Healthy eating for diabetes includes selecting high fibre, lower Glycemic Index (GI) carbohydrate foods and reducing fat, especially saturated fat. Food intake should be balanced with exercise to maintain a healthy body weight.

Guidelines and advice

The Dietary Guidelines for all Australians, produced by the National Health and Medical Research Council, is an excellent guide to help you eat healthy. In addition to following the Dietary Guidelines, there are a few extra considerations for people with diabetes:

  • Eat regular meals and snacks spread evenly over the day. This provides your body with a regular supply of energy and can help to control blood glucose levels (BGLs). If you need to lose some weight eat nutritious lower energy snacks, like fruit or diet yoghurt, or limit how often you snack.
  • Include carbohydrate foods at each meal and snack Carbohydrate foods are the best source of energy for your body. Carbohydrate foods have a direct affect on your BGLs. They include breads and cereals, pasta, rice, starchy vegetables (potato, sweet potato and corn), fruit, legumes and some dairy products (milk, yoghurt and dairy desserts). The type, as well as the amount, of carbohydrate eaten at a meal is important for people with diabetes. The amount of carbohydrate you need depends on many factors including your body weight and how active you are.
  • The Glycemic Index, or GI, is a ranking of carbohydrates in foods according to how they affect blood glucose levels. Foods with a low GI raise BGLs more slowly and steadily than foods with a high GI. People with diabetes can benefit from eating low GI foods throughout the day, ideally one at each meal. Low GI foods include heavy grain breads & fruit loafs, rolled oats and muesli, pasta, corn, sweet potato, low fat milk, yoghurt and ice-cream as well as most fruits.
  • Choose foods lower in total fat and in particular low in saturated fats. Eating too much fat in general, and saturated fat in particular, can lead to weight gain, which may lead to increased blood glucose and cholesterol levels. Saturated fat is found mainly in animal foods, like meat, cheese, butter and full cream dairy products as well as in takeaway and many pre-packaged foods (e.g. biscuits and chips). To reduce your saturated fat intake try to choose low fat dairy foods, lean meats, skinless chicken, margarine instead of butter, and limit fried take away foods, processed meats, pies, pre-packaged biscuits, cakes and other high fat packaged foods.
  • Include small amounts of the healthier fats. Some fat in the diet is important for good health. Using a variety of healthier fats will achieve a good balance. Healthier fats include poly and monounsaturated margarines and oils such as canola or olive, fish, avocado, nuts and seeds. All dietary fat in excess can contribute to weight gain, so consume an amount that is suitable for you.
  • Choose high fibre foods.

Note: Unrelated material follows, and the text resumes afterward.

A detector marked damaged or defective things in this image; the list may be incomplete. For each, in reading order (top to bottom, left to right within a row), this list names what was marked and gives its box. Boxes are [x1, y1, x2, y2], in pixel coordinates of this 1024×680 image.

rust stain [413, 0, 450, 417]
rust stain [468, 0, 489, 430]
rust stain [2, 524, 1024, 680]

Fibre has many benefits for the body including keeping your bowels healthy, protecting against bowel cancer and lowering your BGLs and cholesterol levels. A high fibre meal also leaves you feeling fuller which can assist with weight loss. To improve your fibre intake choose wholegrain or high fibre breads and cereals, and plenty of vegetables, legumes and fruit.
  • A word on sugar. A myth that continues to surround diabetes is that the diet must be low-sugar or sugar-free. We now know that this is not the case as the GI has shown that some types of sugar, such as those found in fruit or milk, convert to glucose more slowly in the body. While it is still important to limit foods which are concentrated sources of sugar, or high in added refined sugar, (e.g. soft drinks, lollies and syrups), small amounts of sugar can be included as part of a lower fat, high fibre meal for people with diabetes. You can download a copy of the following information sheet – The Facts about Sugar 
  • Shopping tours. If you are finding the information on selecting healthy food options overwhelming you may want to attend one of our Healthy Shopping Tours. The tours (in the Sydney metropolitan and some regional areas) teach you how to read food labels and help make selecting healthy foods easier. For more information call Diabetes NSW on 1300 136 588

With so much emphasis on making the right food choices it is not uncommon for some people to start feeling anxious about what they eat. Be kind to yourself – it is a struggle to continually make the right choices and you are allowed to slip up occasionally. Please read our Food and eating information sheet if you are becoming stressed over your eating habits. It also contains a food and mood diary that will help you track how your mood influences your food choices. You can then work with your health care team to reduce unhelpful or harmful food triggers.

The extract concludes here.